Brother-in-law, Dave, was in town over the weekend and filmed Tom welding up a few metal posts for Summit Structures out of Laramie WY. Summit will use these posts to help support structural beams for a house they are building.
The metal posts are designed to rest on the top of a concrete footer. The bottom plate fastens into the cement footer using concrete anchors.
The top part of the metal post is adjustable using a nut and threaded rod that has been welded to the top plate. The top plate attaches to structural beams using lag bolts if a glue-lam. If a steel beam is used the top plate is welded or attached by bolting. The adjustable top plate adapts to the varying height associated with footings and supporting beam depth.

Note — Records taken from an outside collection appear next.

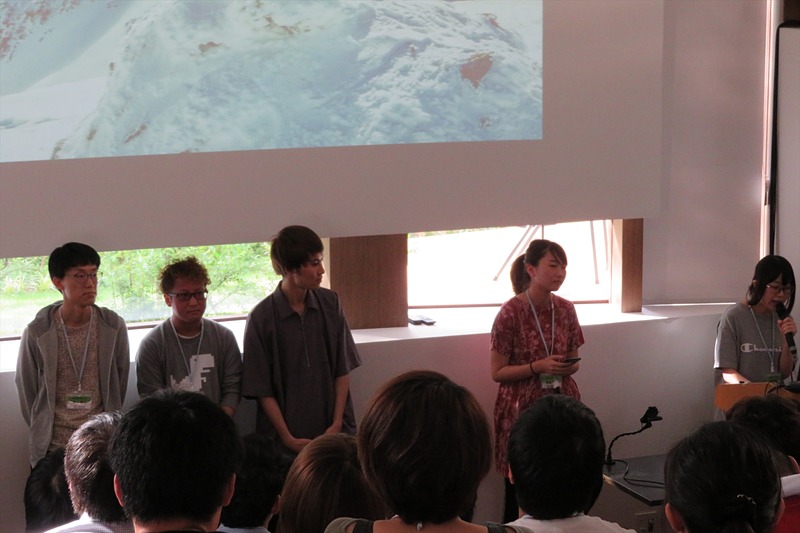 おなかすいたは、ジャンプすることで360度のパノラマ写真に自分の姿を合成させられる「JUMTRIP」を開発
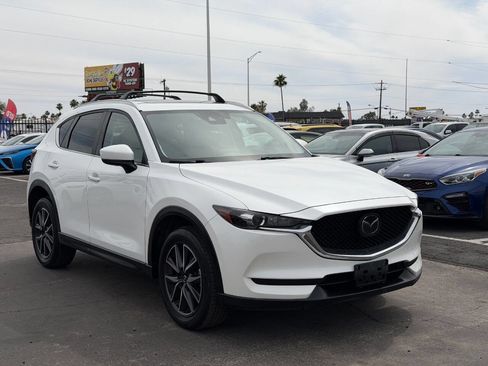 Used 2018 MAZDA CX-5 Touring w/ Preferred Equipment Package FWD image 14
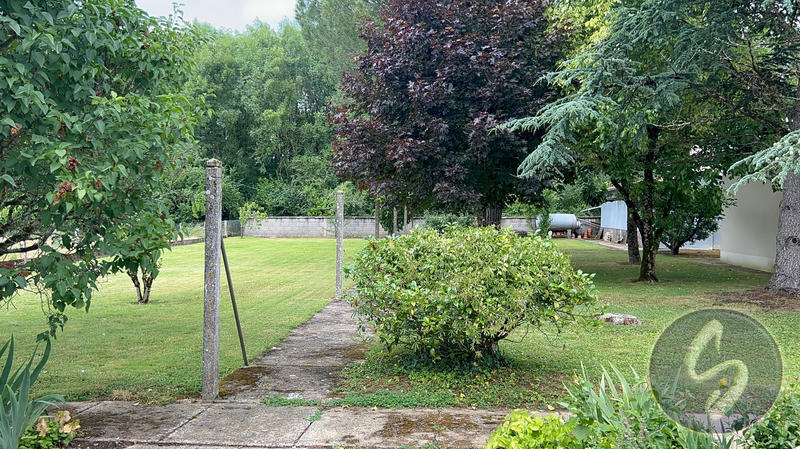 Maison - 128 m² - 7 pièces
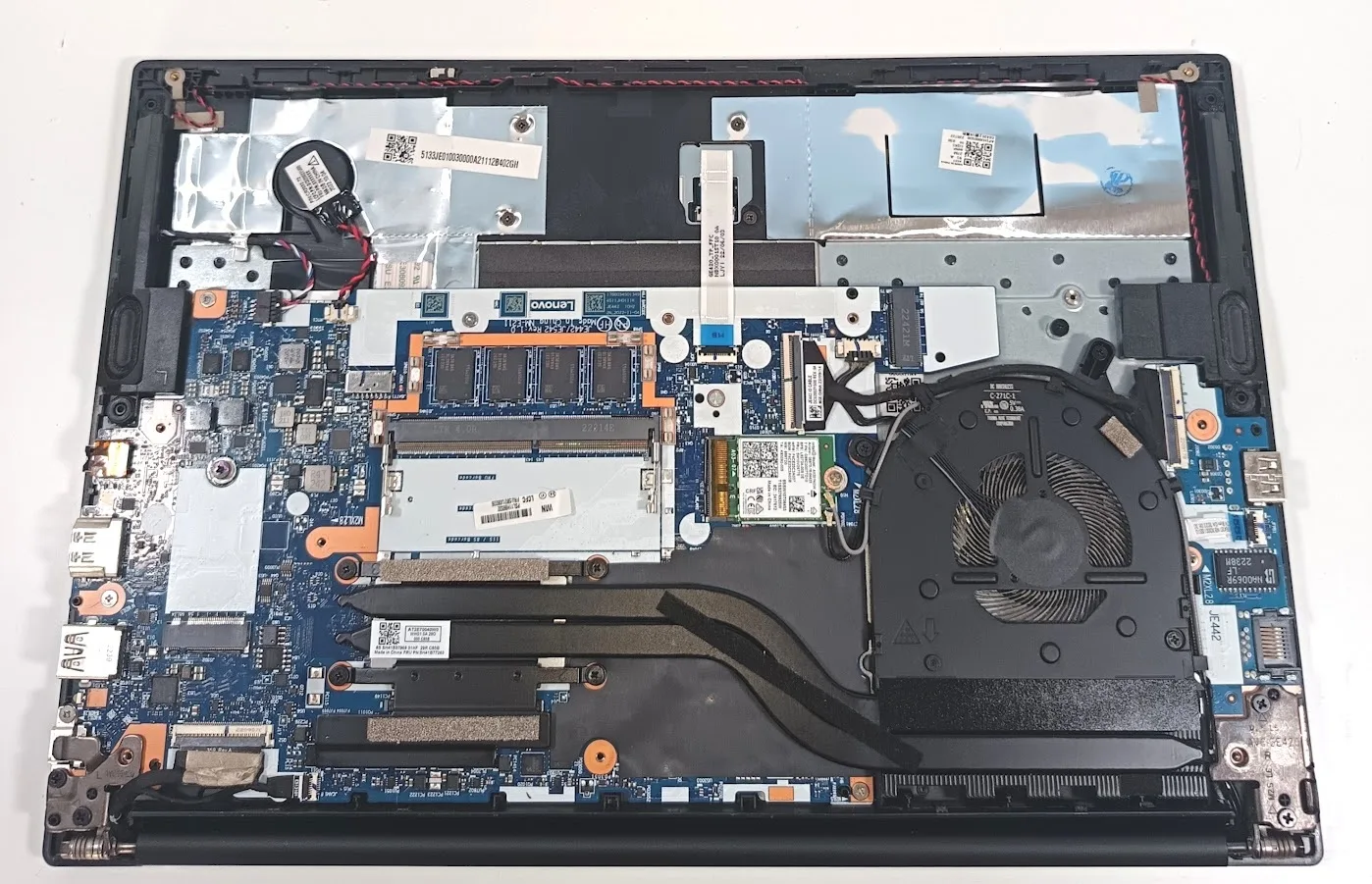 Lenovo ThinkPad E14 Gen 4. i5-12th, Sin disco, Sin RAM, 14.0" - Imagen 4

Dave was curious about the need for accuracy when measuring the steel poles for the final product. Tom explained that it wasn’t as crucial on this project since the top would adjust to the needed position once the beams were in place.
It is also very important not to watch someone weld directly. The ultra violet rays can cause sever damage to a retina.
In this video, Tom first welds on the bottom plate using a jig that positions the metal bottom plate squarely with the support post. Vice grips are used to clamp the bottom plate to the jig. The plate is tack welded on all four corners. Then the opposite edges are welded. Dave also captured Tom using the welding boom that supports the wire feeder he built for his welder. The boom allows for an additional ten foot of reach with out having to move the welder. This idea came from Marshal Bulle, owner of Shop Outfitters.
Tom uses a mig welder, also known as a wire feed welder, for the project. The wire is fed out and arcs close to the contact tip. Inert gas flows from holes in the tip and it sheilds the weld puddle while welding.
Tom used a Miller CP300 MIG welder with an independent wire feeder.